Leben wie eine saure Gurke
Mit einem Wort, um große Literatur wie bei dem kürzlich neu übersetzten Ideenroman "Der goldene Pavillon" handelt es sich hier, umgeben von Grabhügeln, eher nicht. "Leben zu verkaufen" ist flotte, gut gemachte Unterhaltungsliteratur mit einigen nachdenklichen Einsprengseln:
"Hanio war schon lange nicht mehr in der Innenstadt gewesen. Hier war vom Tod keine Spur. Die Menschen badeten in der Lake ihres gewöhnlichen Lebens, sie reichte ihnen bis zum Hals, ihr ganzes Leben war gleichsam in Lake eingelegt. Und ich bin eine saure Gurke, dachte Hanio. Saure Gurken verzehrte man als Beilage zu einem Glas Bier oder Wein.
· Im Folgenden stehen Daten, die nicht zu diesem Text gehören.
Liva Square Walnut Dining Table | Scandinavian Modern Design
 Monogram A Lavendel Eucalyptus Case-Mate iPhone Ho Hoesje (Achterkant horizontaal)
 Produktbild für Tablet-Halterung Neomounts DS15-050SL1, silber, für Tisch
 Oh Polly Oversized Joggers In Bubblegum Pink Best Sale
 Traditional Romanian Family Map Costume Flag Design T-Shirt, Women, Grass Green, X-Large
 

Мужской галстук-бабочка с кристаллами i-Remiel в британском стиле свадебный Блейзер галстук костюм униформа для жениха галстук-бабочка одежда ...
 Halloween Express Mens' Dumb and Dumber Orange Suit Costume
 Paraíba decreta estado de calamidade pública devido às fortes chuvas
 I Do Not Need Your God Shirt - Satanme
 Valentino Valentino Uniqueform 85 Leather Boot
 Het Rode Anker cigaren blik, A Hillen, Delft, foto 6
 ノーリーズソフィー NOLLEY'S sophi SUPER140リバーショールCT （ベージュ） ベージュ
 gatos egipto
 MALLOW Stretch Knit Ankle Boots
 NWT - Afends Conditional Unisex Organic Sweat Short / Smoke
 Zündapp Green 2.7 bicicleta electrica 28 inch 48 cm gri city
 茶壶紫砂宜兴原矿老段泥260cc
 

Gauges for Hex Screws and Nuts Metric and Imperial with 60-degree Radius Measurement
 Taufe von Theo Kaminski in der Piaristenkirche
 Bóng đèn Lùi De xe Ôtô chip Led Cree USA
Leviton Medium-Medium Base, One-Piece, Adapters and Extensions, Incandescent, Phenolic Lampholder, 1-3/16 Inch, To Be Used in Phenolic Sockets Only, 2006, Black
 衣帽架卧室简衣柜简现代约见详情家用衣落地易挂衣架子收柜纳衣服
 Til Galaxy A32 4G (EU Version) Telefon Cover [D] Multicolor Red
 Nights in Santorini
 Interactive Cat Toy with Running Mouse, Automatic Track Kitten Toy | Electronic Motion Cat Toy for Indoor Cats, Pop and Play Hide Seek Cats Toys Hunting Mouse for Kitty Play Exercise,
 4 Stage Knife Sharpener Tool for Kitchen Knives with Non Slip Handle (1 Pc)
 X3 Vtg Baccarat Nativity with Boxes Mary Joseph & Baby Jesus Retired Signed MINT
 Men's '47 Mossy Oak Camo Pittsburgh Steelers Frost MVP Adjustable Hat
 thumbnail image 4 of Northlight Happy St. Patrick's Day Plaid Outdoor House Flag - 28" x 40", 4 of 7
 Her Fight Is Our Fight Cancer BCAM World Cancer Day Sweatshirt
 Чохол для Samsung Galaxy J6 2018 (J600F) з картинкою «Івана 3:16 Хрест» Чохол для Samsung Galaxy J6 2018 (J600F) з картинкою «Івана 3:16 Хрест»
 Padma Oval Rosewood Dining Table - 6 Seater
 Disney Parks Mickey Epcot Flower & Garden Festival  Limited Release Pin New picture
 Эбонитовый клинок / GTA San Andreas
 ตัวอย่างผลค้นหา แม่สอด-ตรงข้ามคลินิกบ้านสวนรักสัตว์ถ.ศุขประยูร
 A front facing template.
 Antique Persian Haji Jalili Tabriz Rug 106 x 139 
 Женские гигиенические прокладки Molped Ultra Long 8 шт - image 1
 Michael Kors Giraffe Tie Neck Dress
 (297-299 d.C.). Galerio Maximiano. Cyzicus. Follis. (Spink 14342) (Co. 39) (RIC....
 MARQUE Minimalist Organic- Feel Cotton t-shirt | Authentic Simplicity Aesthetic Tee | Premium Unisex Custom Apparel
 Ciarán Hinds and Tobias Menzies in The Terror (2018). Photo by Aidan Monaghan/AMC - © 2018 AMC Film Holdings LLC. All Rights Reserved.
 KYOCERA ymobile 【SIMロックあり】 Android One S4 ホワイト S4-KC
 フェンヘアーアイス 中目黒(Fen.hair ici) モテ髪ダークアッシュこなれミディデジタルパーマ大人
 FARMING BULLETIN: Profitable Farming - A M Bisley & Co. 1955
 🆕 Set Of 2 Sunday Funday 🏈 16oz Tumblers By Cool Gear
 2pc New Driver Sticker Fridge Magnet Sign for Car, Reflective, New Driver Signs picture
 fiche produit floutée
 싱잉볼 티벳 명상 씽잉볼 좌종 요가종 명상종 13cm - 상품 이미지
Mit den täglichen Mahlzeiten hatten saure Gurken nichts zu tun."
Hanio betrachtet sich als einen Ausnahmemenschen, gerade deshalb behauptet er so hartnäckig, sterben zu wollen, und die Pointe des Buchs besteht darin, dass der Held, dieser japanische 007, dem Tod mit Mut und Geschick immer wieder von der Schippe springt. Leider ist Yukio Mishima mit diesem Roman nicht sehr gründlich in die Realität eingedrungen, das Adventstürchenprinzip seiner Dramaturgie scheint ihn daran zu hindern. Wer sich als Leser gern in die eigene Pubertät zurückbeamt, könnte dennoch einen gewissen Gefallen daran finden.
Yukio Mishima: "Leben zu verkaufen"
aus dem Japanischen von Nora Bierich
Verlag Kein & Aber, Zürich. 240 Seiten, 22 Euro.